**Scraped caption text data:**
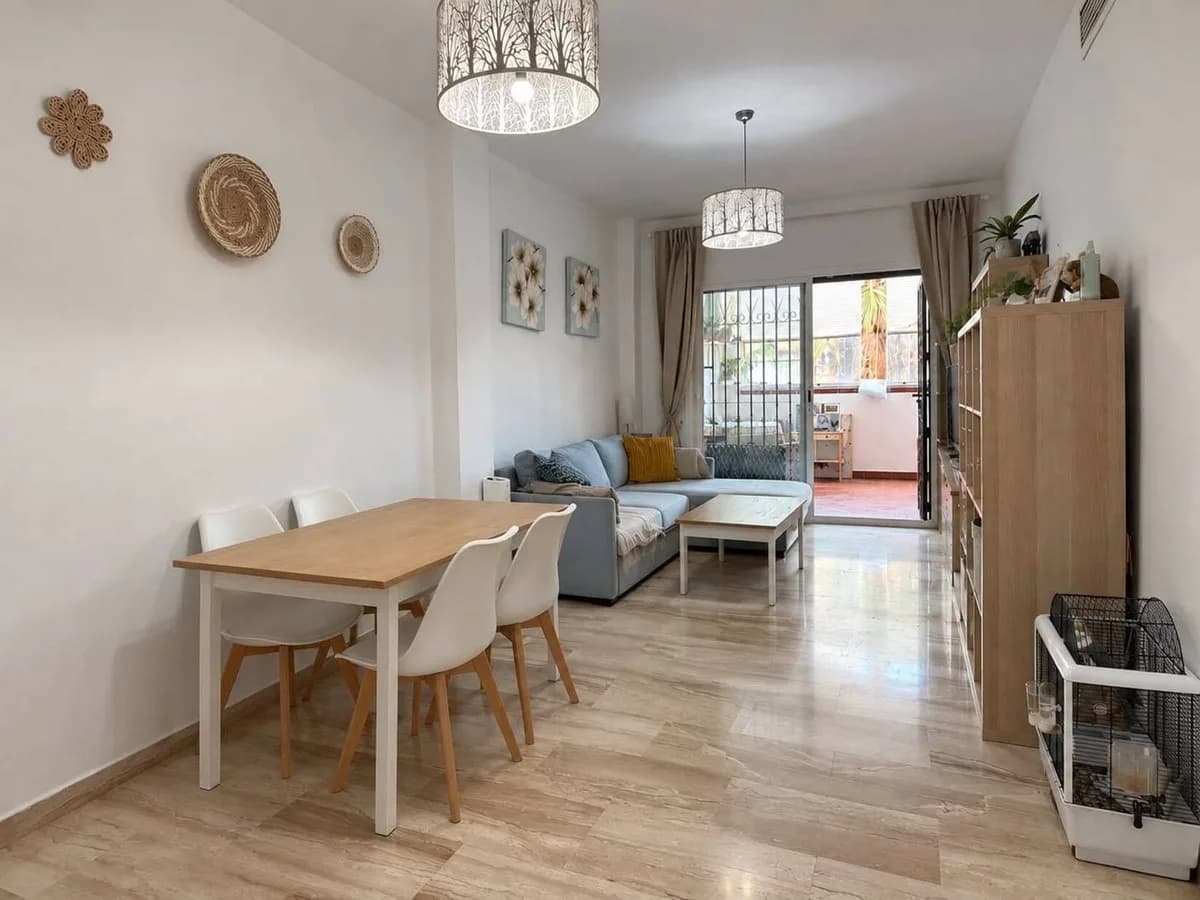 2 Bedroom Middle Floor Apartment for Sale in Riviera del Sol, Málaga - Image 2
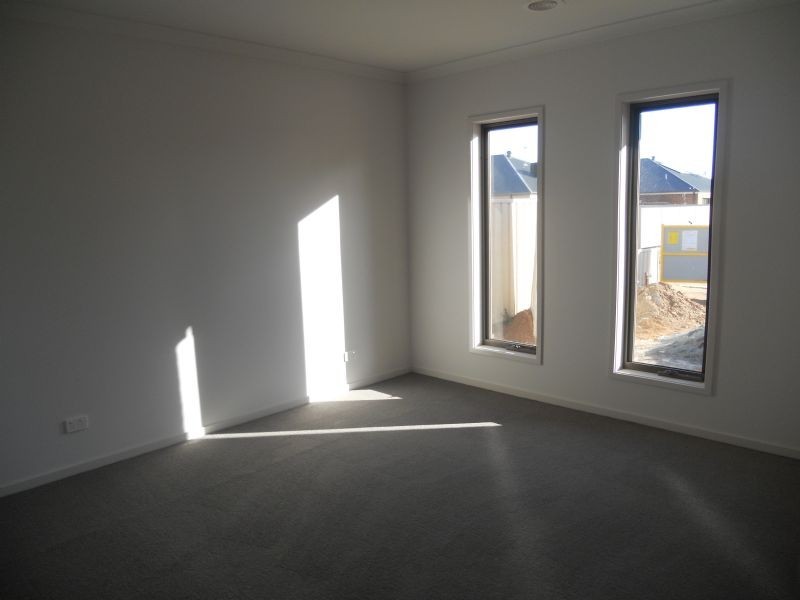 13 Hummingbird Place, Shepparton VIC 3630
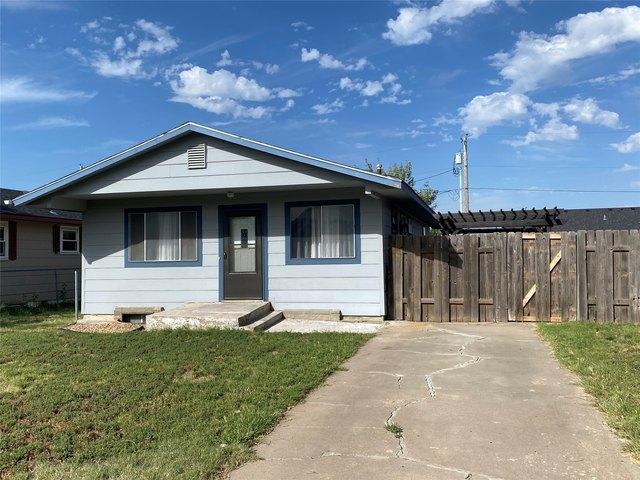 House for sale in Garden City, Finney County
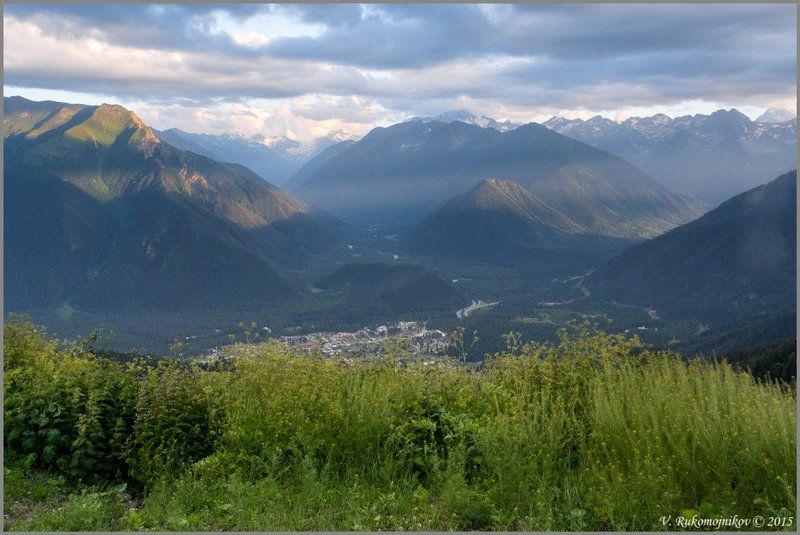 В лучах уходящего солнца фото превью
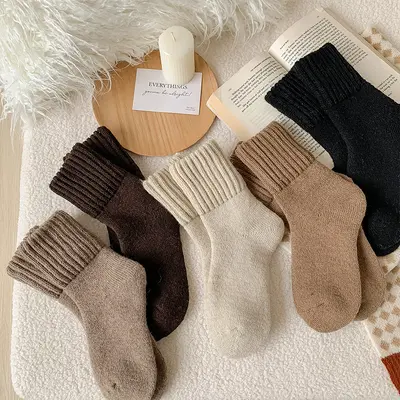 Women's Thick Winter Mid-Calf Wool Socks, Fleece-Lined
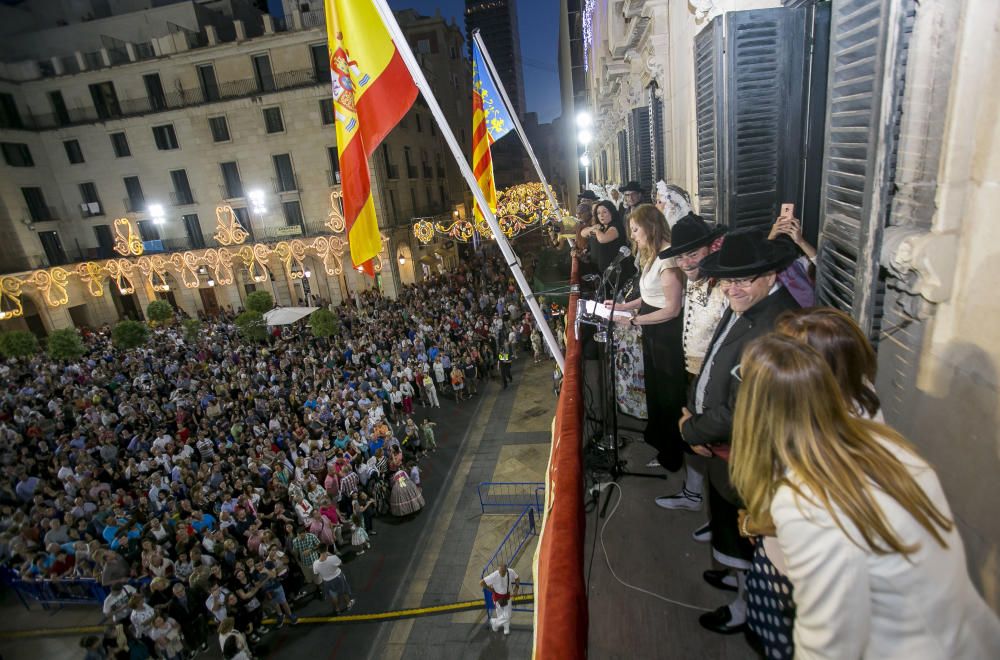 El pregón de las Hogueras 2019 da la bienvenida al Fuego a la ciudad de Alicante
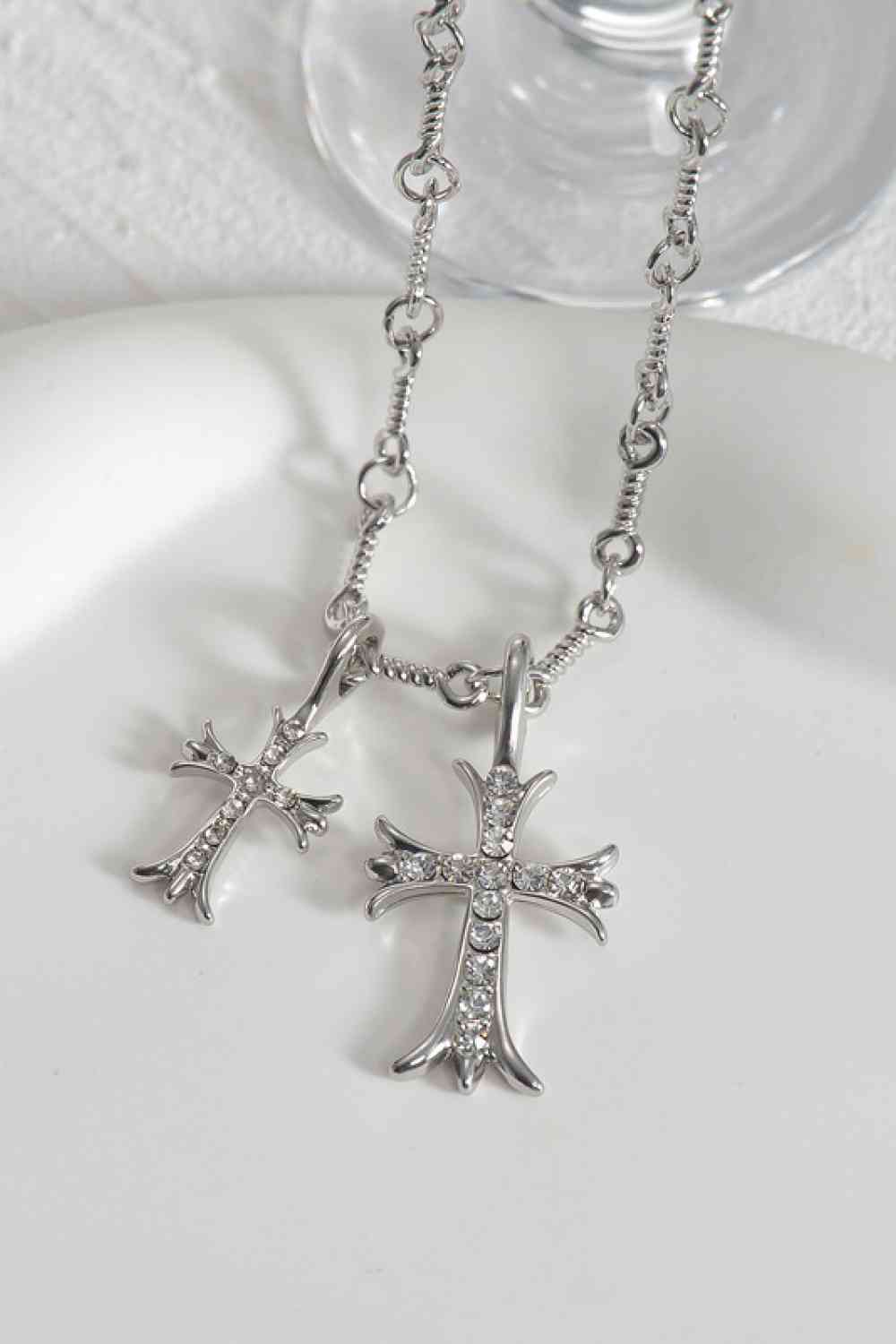Halskette mit Kreuzanhänger aus Edelstahl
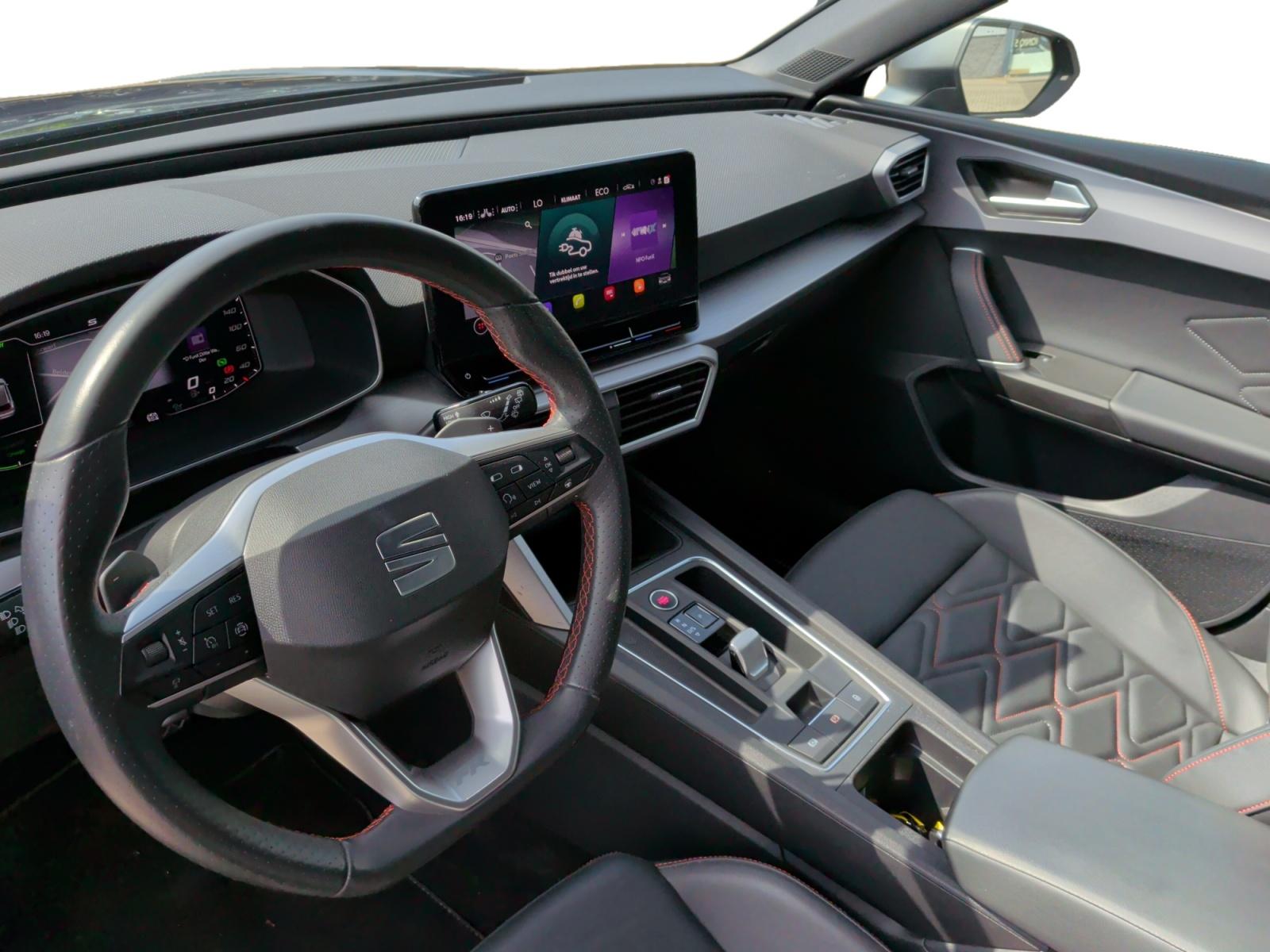 SEAT León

**How to complete this task:** What is needed is an exact copy of the entries, without any images.

**Response:**
 2 Bedroom Middle Floor Apartment for Sale in Riviera del Sol, Málaga - Image 2
 13 Hummingbird Place, Shepparton VIC 3630
 House for sale in Garden City, Finney County
 В лучах уходящего солнца фото превью
 Women's Thick Winter Mid-Calf Wool Socks, Fleece-Lined
 El pregón de las Hogueras 2019 da la bienvenida al Fuego a la ciudad de Alicante
Halskette mit Kreuzanhänger aus Edelstahl
 SEAT León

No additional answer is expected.